Peygamberimizin sözlerini itibarsızlaştırmak gibi hadsiz bir iddiamız asla söz konusu olamaz. Ancak, “Peygamber’e ait olduğu söylenen sözlerin” ona ait olmasının Kuran’a lâfzen ve mana olarak ters olup olmadığına bakılarak test edilmesi gerektiğini düşünüyoruz. Nitekim Ebu Hanife de “hadis olduğu söylenen bir söz Kur’an’a ters olamaz, öyleyse biz Peygamberimizi bu sözü söylemekten tenzih ederiz” diyor.

Kur’an bize Hz Peygambere itaati emreder (4/Nisa: 59). “Peygambere itaat eden Allah’a itaat etmiş olur” (4/Nisa: 80). Şu halde Sünnet; Hz Peygamberin Allah’tan aldığını tebliğden ve vahyin pratiğinden ibarettir (5/Maide: 67). Bu açıdan Hz Peygamberin ağzından çıkan her sözü ve sadır olan her davranışını vahiy olarak anlamak yanıltıcı olur. Aksi takdirde Bedir’de ordunun konuşlandırılması ve Hurma ağaçlarının aşılanması gibi pek çok örneği doğru değerlendiremeyiz.

Bilindiği gibi Bedir’de Hubab bin Münzir’in önerisi doğrultusunda, Hz Peygamberin konuşlandırdığı ordunun yeri değiştirilmiş ve ordu stratejik açıdan daha uygun bir yere konuşlandırılmıştır.

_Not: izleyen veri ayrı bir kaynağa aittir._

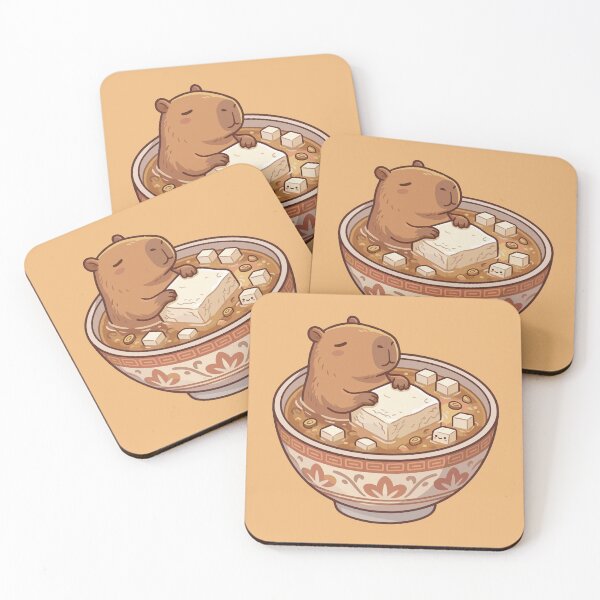 Item preview, Cute Kawaii Capybara Relaxing in a Miso Soup Bowl with Tofu designed and sold by Mochii-studio.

Eğer Hz Peygamberin her emri ve sözü vahiy olsa idi, böyle bir değişikliğin olmaması gerekirdi. Yine hurma ağaçların budanması ve aşılanması örneği de böyledir. Zira Peygamberimiz Medinelilerin Hurma ağaçlarını aşıladığını görünce, aşılamayın der. Bu ifade bir emir olarak algılanıp, o mevsim, hurmalar aşılanmadığı için ürün az ve verimsiz olur. Bunun üzerine, Hz Peygamberin “siz bu işleri benden iyi bilirsiniz” diyerek fikrinden rucû etmesi ve işi ehline tevdi etmesi, her konuştuğunun vahiy olmadığının göstergesidir.

Kur’an Hz Peygambere ve getirdiklerine uymayı emrettiği için Sünnet, Müslümanlık açısından bir değerdir. Bu değeri Hz Peygamberin Kur’an’ı açıklamaya veya pratiğine yönelik davranışları olarak tanımlayınca, Sünnete ister istemez bir sınırlama getirmiş oluruz. Bu durumda Peygamberimizin günlük yaşamındaki, yemesi-içmesi, giyim-kuşamı, yatması- uyuması gibi davranışlarını nasıl değerlendirip, nereye koyacağız? Dine ilişkin olmayan bu tür davranışlarını da sünnet kapsamında değerlendirmeli miyiz?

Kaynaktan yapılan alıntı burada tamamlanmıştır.